### PROBLEM
Leaving the pictures aside, reproduce the data in full and word for word.

### PROVIDED DATA
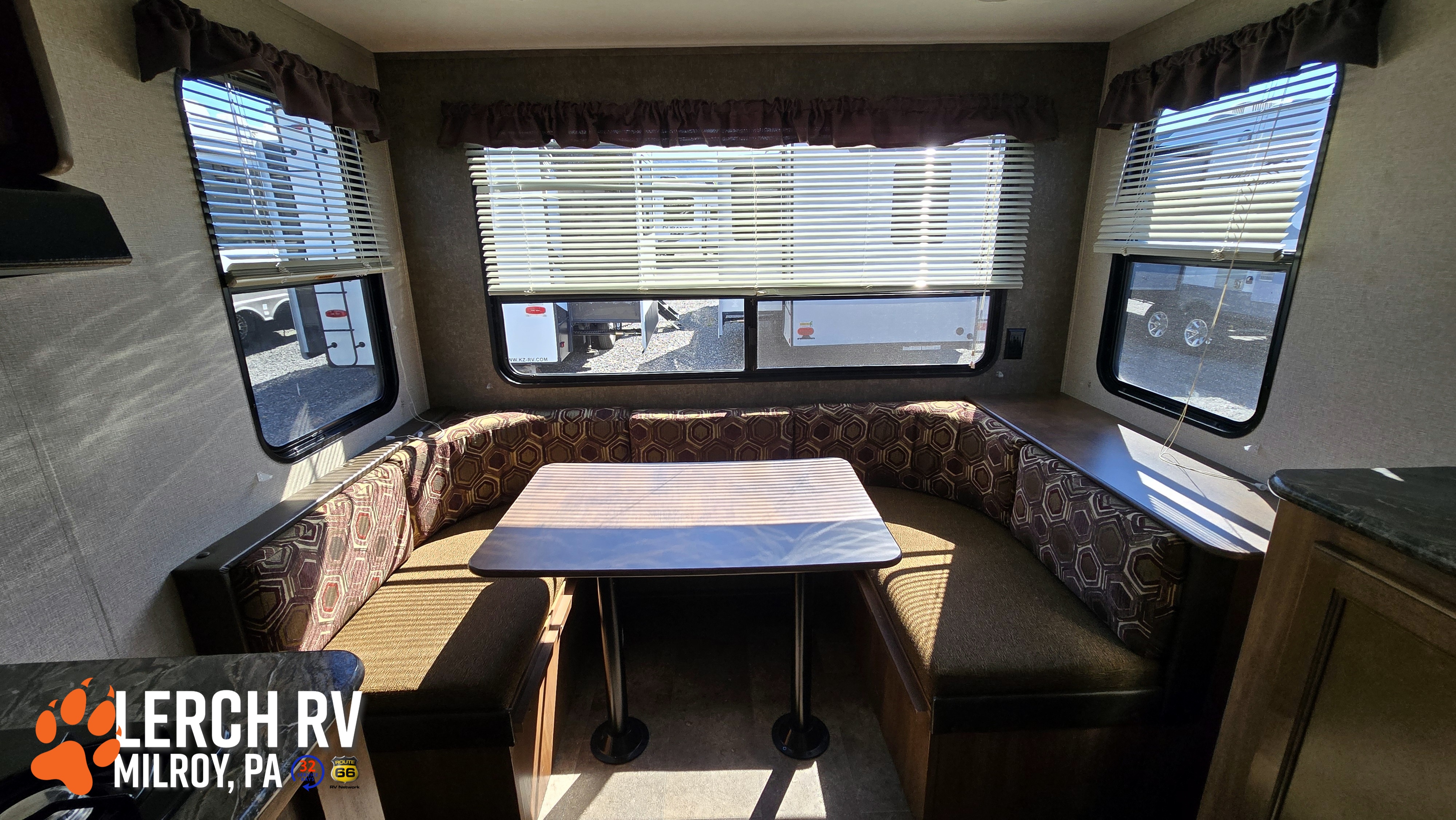 2018 Keystone Springdale Summerland Mini 1750RD - Image 9
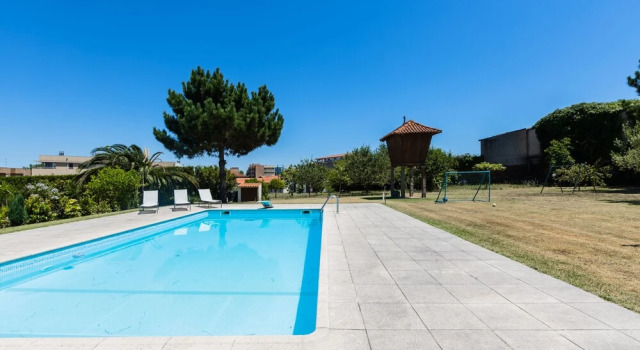 Sunny Country House with Swimming Pool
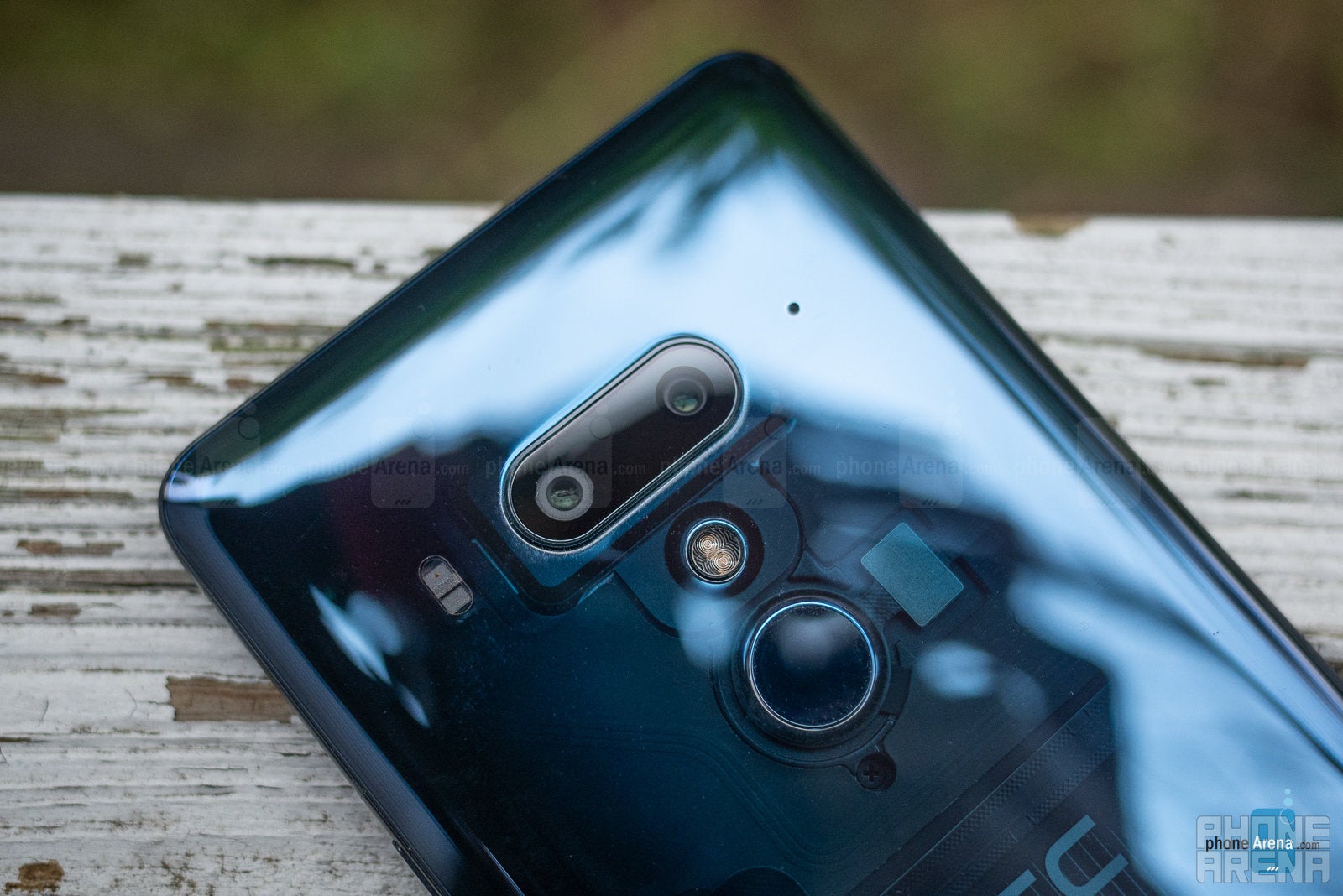 HTC U12+ Review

### ANSWER
 2018 Keystone Springdale Summerland Mini 1750RD - Image 9
 Sunny Country House with Swimming Pool
 HTC U12+ Review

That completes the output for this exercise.